There is a depth of feeling in the way Jesus begins. With desire I have desired to eat this passover with you before I suffer (v. 15). The doubled phrase - with desire I have desired - is a Hebrew way of pressing a thing to its utmost: He has longed for this meal with all His heart. And the longing is bound up with what is coming: before I suffer. This is no ordinary Passover, and He knows it; it is His last meal with them before the cross, and He has ached to share it. Twice He speaks of a future when the feast will be complete: I will not any more eat thereof, until it be fulfilled in the kingdom of God (v. 16), and I will not drink of the fruit of the vine, until the kingdom of God shall come (v. 18). So this table looks two directions at once. It looks back to Egypt and the night of deliverance, and it looks forward to a feast not yet kept, the great gathering of His people in the kingdom. The supper He is about to give is the hinge between them - the meal that closes the old and opens the new, and that His people will keep till he come (1 Cor. 11:26).
Then come the words that have been spoken at Christian tables ever since. He took bread, and gave thanks, and brake it, and gave unto them, saying, This is my body which is given for you: this do in remembrance of me (v. 19). Every verb matters: He took, He gave thanks, He brake, He gave. Over the unleavened bread of the Passover - bread that for a thousand years had spoken of the haste of the exodus - He now says a thing no one had said before: this is my body. And He fixes its meaning with a phrase that returns over the cup: which is given for you. Likewise, after supper, the cup: This cup is the new testament in my blood, which is shed for you (v. 20). The bread is His body given; the cup is His blood shed; and both are for you. He does not pause to explain the manner of it. He simply takes the most sacred meal of His people, sets Himself at its center, and hands it to them with the command to keep doing this in remembrance of Him. What He gives them is Himself - broken, poured out, and offered.1
21But, behold, the hand of him that betrayeth me is with me on the table. 22And truly the Son of man goeth, as it was determined: but woe unto that man by whom he is betrayed! 23And they began to enquire among themselves, which of them it was that should do this thing.

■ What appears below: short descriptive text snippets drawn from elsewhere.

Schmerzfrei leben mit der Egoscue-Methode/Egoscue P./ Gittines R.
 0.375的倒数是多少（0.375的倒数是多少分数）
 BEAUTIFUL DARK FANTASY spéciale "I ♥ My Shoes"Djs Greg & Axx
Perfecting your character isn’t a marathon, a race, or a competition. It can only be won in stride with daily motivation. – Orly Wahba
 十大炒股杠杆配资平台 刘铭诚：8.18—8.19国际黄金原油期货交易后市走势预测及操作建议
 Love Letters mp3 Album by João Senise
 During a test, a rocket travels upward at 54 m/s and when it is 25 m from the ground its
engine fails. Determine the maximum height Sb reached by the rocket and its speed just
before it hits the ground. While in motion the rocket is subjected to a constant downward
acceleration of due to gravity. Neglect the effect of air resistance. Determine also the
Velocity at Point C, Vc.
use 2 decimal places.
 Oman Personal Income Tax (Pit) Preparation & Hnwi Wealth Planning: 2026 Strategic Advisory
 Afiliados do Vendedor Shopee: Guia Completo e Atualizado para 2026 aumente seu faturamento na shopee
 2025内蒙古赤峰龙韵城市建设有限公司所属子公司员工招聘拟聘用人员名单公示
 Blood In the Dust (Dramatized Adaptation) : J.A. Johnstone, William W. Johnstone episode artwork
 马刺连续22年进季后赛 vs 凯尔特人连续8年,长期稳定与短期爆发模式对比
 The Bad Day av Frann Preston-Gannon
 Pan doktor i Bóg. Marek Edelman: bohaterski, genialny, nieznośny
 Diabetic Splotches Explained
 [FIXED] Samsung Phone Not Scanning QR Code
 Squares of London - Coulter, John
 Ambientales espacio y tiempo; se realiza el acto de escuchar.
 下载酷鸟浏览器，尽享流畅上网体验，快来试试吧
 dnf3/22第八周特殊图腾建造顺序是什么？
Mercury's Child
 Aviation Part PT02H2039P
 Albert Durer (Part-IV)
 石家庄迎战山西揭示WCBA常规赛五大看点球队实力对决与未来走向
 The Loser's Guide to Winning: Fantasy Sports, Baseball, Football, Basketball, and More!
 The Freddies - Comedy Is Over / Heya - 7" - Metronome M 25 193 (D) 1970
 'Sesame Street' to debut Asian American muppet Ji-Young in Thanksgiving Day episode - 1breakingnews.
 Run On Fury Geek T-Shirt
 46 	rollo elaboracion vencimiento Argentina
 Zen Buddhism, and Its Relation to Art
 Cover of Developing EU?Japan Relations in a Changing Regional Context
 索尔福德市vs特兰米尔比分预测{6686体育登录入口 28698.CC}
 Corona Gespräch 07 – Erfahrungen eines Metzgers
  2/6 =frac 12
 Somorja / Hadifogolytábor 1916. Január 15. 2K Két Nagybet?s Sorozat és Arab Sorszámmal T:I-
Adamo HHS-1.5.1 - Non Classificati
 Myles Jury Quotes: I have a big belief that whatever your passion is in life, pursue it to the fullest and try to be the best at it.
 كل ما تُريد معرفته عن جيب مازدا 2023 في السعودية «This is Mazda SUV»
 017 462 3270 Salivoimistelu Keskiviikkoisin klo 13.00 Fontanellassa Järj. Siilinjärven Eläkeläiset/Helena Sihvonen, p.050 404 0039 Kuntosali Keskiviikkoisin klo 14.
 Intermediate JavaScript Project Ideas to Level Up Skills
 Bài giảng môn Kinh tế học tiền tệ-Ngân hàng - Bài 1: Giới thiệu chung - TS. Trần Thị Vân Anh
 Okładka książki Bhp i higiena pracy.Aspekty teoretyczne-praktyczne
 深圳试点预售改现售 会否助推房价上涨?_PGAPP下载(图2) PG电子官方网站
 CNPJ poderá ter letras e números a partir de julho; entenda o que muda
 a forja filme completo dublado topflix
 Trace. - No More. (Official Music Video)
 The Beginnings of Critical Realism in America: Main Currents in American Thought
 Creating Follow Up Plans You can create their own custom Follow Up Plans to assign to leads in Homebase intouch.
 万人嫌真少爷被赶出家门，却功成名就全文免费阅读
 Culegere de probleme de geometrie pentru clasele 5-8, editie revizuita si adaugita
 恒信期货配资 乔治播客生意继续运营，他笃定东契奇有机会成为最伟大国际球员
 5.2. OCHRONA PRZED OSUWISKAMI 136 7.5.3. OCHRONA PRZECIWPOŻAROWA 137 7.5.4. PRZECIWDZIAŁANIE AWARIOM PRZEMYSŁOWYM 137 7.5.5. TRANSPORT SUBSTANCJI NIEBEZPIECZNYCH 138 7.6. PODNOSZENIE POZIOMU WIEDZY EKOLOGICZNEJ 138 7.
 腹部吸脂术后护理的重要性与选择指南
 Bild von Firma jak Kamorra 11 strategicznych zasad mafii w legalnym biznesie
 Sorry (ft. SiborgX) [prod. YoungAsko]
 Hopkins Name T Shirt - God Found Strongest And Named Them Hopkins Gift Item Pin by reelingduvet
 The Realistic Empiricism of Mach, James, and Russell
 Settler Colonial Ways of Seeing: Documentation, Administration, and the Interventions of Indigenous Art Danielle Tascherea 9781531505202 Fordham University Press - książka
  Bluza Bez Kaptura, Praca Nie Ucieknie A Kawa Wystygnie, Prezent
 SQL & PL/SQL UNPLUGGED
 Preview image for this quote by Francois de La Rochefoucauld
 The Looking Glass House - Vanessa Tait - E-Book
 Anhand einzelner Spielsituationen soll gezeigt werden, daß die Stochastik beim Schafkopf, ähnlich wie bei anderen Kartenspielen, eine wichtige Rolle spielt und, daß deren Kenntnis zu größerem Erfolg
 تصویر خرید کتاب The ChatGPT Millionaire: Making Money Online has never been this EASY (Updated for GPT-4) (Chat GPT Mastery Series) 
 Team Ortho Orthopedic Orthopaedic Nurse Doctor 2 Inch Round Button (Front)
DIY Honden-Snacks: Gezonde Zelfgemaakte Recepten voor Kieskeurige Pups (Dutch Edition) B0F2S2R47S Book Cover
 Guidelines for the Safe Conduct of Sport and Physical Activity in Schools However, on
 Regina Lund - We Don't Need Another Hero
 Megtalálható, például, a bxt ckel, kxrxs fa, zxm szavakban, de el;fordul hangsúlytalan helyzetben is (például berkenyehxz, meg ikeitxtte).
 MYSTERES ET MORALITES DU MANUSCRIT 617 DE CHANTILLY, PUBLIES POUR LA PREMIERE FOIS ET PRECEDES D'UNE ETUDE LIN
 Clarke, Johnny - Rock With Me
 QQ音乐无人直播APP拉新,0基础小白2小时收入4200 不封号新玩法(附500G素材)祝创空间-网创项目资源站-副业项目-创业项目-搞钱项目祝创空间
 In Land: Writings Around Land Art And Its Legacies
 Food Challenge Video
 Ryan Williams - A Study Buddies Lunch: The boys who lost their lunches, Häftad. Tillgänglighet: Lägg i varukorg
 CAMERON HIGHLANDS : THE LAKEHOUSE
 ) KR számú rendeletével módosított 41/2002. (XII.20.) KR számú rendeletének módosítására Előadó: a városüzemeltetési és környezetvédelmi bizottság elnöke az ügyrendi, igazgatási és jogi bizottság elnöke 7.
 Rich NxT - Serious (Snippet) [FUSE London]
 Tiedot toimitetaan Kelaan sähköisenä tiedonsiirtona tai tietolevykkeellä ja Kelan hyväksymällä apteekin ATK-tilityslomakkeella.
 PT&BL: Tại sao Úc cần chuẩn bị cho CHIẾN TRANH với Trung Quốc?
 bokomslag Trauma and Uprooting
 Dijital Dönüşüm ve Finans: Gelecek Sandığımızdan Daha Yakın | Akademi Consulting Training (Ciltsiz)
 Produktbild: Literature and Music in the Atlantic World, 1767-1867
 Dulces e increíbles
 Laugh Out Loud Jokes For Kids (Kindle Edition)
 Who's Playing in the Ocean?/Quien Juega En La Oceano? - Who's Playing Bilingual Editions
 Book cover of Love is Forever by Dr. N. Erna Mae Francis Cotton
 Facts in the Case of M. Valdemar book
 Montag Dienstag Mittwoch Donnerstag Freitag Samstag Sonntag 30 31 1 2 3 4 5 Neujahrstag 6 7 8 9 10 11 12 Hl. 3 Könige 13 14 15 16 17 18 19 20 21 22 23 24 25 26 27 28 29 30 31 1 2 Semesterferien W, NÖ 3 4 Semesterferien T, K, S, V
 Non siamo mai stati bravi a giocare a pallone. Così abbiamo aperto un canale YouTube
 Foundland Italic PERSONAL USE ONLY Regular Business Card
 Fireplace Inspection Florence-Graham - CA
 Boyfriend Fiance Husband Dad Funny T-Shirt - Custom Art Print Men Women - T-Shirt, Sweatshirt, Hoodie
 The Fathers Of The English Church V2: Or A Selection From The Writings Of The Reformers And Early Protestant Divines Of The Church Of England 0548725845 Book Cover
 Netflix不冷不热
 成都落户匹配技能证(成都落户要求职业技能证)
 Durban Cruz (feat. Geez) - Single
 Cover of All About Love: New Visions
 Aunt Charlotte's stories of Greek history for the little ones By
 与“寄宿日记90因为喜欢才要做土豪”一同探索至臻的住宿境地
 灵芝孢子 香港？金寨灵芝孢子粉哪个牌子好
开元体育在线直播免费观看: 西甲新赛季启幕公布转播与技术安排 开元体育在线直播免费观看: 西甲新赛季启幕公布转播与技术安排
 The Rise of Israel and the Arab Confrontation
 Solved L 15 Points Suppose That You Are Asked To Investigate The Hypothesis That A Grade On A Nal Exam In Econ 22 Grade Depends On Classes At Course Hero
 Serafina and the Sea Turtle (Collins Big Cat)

Luke places the betrayal exactly where it is hardest to bear: right at the table, in the same breath as the cup. But, behold, the hand of him that betrayeth me is with me on the table (v. 21). In that world a shared meal was the deepest sign of trust and friendship; to eat someone's bread and then betray him was a treachery the Psalms had already wept over - mine own familiar friend… which did eat of my bread, hath lifted up his heel against me (Ps. 41:9). The betrayer's hand is on the very table where Jesus has just given His body and blood for you - and Judas is included in that you, served the same bread, offered the same cup. Then Jesus holds two truths together without letting go of either: the Son of man goeth, as it was determined: but woe unto that man by whom he is betrayed (v. 22). What happens is within God's settled purpose - as it was determined - and yet the betrayer is not thereby excused; the woe is real and personal. The disciples, stricken, begin asking one another which of them it was that should do this thing (v. 23). Not one of them points at Judas. Each looks first into his own heart.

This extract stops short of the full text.